There is now emerging evidence that the poor prognosis of acutely ill patients can be predicted by the measurement of cardiac biomarkers, especially cardiac troponins (12, 27). Therefore, the results of our retrospective case-control study support the concept that measurement of cardiac troponin may be advisable in trauma patients, especially in those with polytrauma and head or chest trauma, in order to diagnose or rule out a potential cardiac involvement and adopt the most appropriate therapeutic management. Regardless of the fact that a cardiac troponin elevation may mirror mechanical chest trauma, the severity of the overall injury, or even a physiologic stress in these patients, the identification of abnormal troponin values upon ED admission may then require a more focalized intervention for supporting cardiovascular health and a more strict monitoring of heart function.

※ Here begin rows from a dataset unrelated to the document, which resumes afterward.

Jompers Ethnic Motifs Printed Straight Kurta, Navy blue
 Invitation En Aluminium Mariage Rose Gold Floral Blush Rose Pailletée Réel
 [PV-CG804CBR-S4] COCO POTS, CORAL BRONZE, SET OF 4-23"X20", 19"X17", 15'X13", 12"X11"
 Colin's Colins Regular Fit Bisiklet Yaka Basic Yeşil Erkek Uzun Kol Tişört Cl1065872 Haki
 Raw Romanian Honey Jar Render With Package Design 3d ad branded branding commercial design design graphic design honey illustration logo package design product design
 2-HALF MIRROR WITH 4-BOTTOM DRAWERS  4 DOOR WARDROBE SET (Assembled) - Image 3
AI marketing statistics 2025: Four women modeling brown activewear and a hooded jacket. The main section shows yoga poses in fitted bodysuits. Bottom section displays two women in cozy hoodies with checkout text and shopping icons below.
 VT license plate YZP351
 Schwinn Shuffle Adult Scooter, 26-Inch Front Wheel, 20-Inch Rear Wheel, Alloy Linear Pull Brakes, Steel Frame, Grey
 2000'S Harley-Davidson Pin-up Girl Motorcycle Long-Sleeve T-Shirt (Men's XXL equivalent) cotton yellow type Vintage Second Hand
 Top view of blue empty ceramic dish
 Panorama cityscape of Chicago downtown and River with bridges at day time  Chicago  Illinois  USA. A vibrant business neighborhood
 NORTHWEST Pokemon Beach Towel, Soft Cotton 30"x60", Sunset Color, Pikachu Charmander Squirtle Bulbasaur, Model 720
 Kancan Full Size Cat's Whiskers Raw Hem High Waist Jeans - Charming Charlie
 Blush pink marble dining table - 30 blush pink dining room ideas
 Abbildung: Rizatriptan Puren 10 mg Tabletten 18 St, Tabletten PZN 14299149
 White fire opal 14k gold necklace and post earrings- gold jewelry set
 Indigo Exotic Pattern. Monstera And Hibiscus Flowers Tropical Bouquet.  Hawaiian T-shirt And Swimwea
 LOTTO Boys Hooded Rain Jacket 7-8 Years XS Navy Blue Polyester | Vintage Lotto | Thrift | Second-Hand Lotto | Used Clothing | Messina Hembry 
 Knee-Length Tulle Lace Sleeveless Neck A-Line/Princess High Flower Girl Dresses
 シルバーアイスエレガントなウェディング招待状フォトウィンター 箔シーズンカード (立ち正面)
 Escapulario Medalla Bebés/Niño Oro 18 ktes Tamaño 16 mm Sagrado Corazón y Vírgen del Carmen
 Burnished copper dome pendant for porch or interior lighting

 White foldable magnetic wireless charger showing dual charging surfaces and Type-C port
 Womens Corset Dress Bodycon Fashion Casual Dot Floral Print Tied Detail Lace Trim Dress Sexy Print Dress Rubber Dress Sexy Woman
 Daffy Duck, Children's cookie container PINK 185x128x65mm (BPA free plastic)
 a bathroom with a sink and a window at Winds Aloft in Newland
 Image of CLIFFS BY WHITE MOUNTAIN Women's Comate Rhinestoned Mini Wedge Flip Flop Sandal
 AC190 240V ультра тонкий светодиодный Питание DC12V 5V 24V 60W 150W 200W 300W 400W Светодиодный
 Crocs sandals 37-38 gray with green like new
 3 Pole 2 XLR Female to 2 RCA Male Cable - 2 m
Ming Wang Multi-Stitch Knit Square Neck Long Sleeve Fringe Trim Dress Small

The major strength of this study is that cTnI values could be consistently compared among different populations of trauma patients, thus allowing to identify specific categories with increased cardiovascular involvement. Moreover, the relative increments of troponin values were not only compared with those of a healthy population (i.e., blood donors) but also with those of non-cardiac chest pain ED patients, despite the fact that the sample size of this last population was indeed limited. Some limitations should also be disclosed. First, the precise cardiac mechanism leading to cTnI elevation could not be established in the vast majority of cases, wherein the presence of measurable or moderately elevated values (i.e., 40–100 ng/L) is not systemically investigated by diagnostic imaging in our local facility. No information is also available on potential co-morbidities that may have contributed to increase the frequency of measurable cTnI values in our trauma patients. However, to overcome this limitation, cTnI values of trauma patients were compared to those of non-cardiac chest pain ED patients matched for sex and age. Indeed, the use of the newer high-sensitivity cardiac troponin immunoassays is expected to generate additional information and further studies would hence be needed to confirm our findings (28). Unfortunately, no data on short-term mortality were available for these patients, and this may be regarded as another potential limitation of the study.